Los Angeles – Irish motivational speaker, Mark Pollock, has regained his ability to walk using a Robotic Exoskeleton and Electrical Spinal Cord Stimulation, developed by UCLA. Pollock, who lost sight 16 years ago, has won the battle over his paralysis after he fell down from a second story window in 2010.
After the accident in 2010, physicians told Pollock that it will be hard, if not impossible, to recover the sensation of function below the waist, arguing that his spine had been pierced by broken bones in two places.
However, Pollock spent almost four years receiving aggressive rehabilitation treatment before arriving at the University of California, Los Angeles as a part of a study led by Professor V. Reggie Edgerton.
Using an Ekso suit, Pollok regained sensation and function below his waist. He first went through five days of electrical stimulation, which was administered to the area of his spine, and then trained for another 2 weeks.
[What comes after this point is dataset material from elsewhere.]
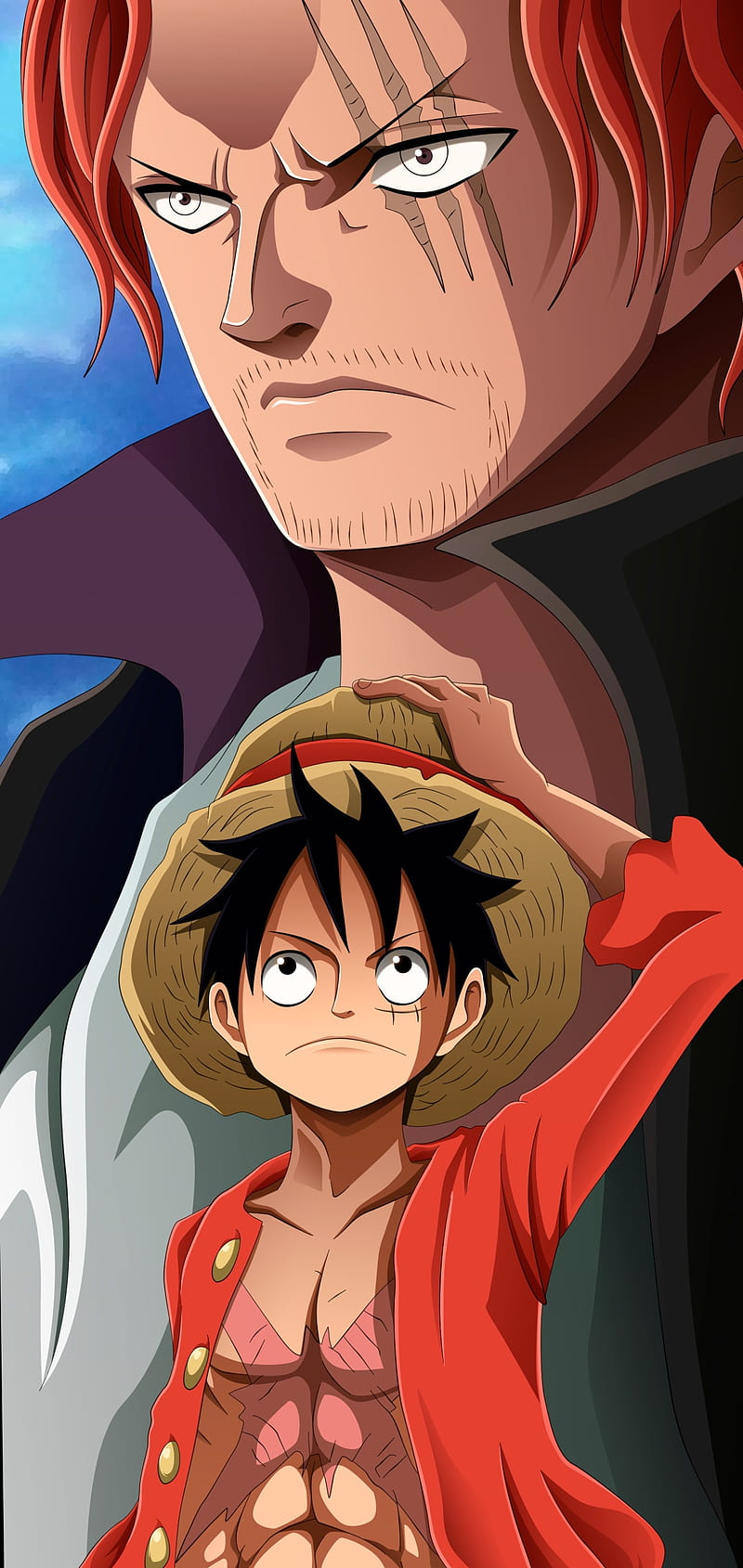 800x1689 Monkey D Luffy, one piece, red haired pirates, shanks, HD phone wallpaper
“In the last few weeks of the trial, my heart rate hit 138 beats per minute,” Pollock said in a statement. “This is an aerobic training zone, a rate I haven’t even come close to since being paralyzed while walking in the robot alone, without these interventions. That was a very exciting, emotional moment for me, having spent my whole adult life before breaking my back as an athlete.”
How was it possible?
The Ekso suit is a battery-powered wearable training exoskeleton designed to help survivors of stroke, spinal cord injury or other injuries to move their legs as they were walking. It captures data that allow the scientists to see how much of the effort is made by the patient and how much is aided by the suit. Pollock’s data showed he was able to assist the Ekso suit during stepping.
In the world’s largest international society of biomedical engineers, professor Engerton – a neurobiology, neurosurgery, physiology and integrative biology professor who is also the study’s senior author-, explained that the electrical spinal stimulation may be responsible for starting the process that helped Pollock in the task of moving, for electrical stimulation seemed to have reawakened spinal neurons which later recognize sensations and respond.
Although Pollock cannot walk on his own, Edgerton believes that even gaining 50 percent of lost control is a highly significant change. These efforts could be used as a proof of the treatments’ effectiveness. He stated that those who are not completely paralyzed “will have the opportunity to use these types of interventions to further improve their level of function.”